My great-great-grandmother Mrs. George Bird loved American history and modeled the house after Mount Vernon. Bird Cottage, as it is known, is perhaps not so much an escape as a return; I feel less its owner than its curator. The former female owners each watch from a different wall of the living room, their portraits in chronological order: Mrs. Bird from the 1890s; her daughter as a Gibson girl; Granny in thirties chic; my aunt, haute '71.
My husband calls the island a matriarchy. It has known its share of strong women, many of whom still make their presences felt. Traditionally, with summer places, women and children are the ones spending the season, husbands appearing on weekends. It would have been brutish to expect a bride to convert to a man's summer place when she had one of her own. We're preserving family history, I told myself when I took on the gutters. It's for the girls. They are sixth generation.

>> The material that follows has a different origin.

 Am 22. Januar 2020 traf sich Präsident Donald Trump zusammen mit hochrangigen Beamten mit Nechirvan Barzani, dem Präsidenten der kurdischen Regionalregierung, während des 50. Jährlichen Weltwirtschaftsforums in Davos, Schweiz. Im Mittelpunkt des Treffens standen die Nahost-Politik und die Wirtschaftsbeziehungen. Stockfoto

My own early-childhood memories were farther up island, where my mother and I would visit Granny in the house she and Grandfather bought as newlyweds. I'd climb the rocks along the dock, arranging marine life in tide pools. I didn't know there were other children on the island; I realize now my mother was avoiding their parents.
In the seventies, summer houses like this were considered white elephants. Families were fragmented, the houses weren't winterized, and to spend all that money to repaint and maintain those salt-worn facades would have been unseemly. After Granny's mother died in the fifties, Bird Cottage sat empty. Whether Granny held on to it out of optimism for the future or attachment to the past, I do not know; perhaps both.
Generations ebb and flow, and in 1976 the house got a family. My aunt moved back from Europe with her three children. At eleven, I remember a long climb with my mother down the rocky beaches to Bird Cottage, where her sister was supervising the digging of a very un-Maine-like heated swimming pool. After that summer, I stayed at my aunt's. My cousins became like my brother and sisters; that is what a family house does.
Peaceful as the setting looks, it was not always so. In the eighties, my cousin threw a great party with a rockabilly band and huge speakers in the front hall. There were smaller blowouts, too, spontaneous late-night dance parties featuring the Dirty Dancing sound track and Madonna's first album, the latter of which was played so often that a friend eventually stole it, had it framed, and presented it back with a plaque reading 1983-1996, rip. In 1999, my cousin threw a more formal hundredth-birthday party for the house, complete with an attached tent for dancing and a big band. The invitation read black tie, no black dresses. The dance floor did double duty; three weeks later my husband and I used it for our wedding. "If Ian is married here, he'll always feel a part of it," said my cousin, who'd tired of repairs. We bought the house soon after, and expect the next generation's dance parties in a decade or so.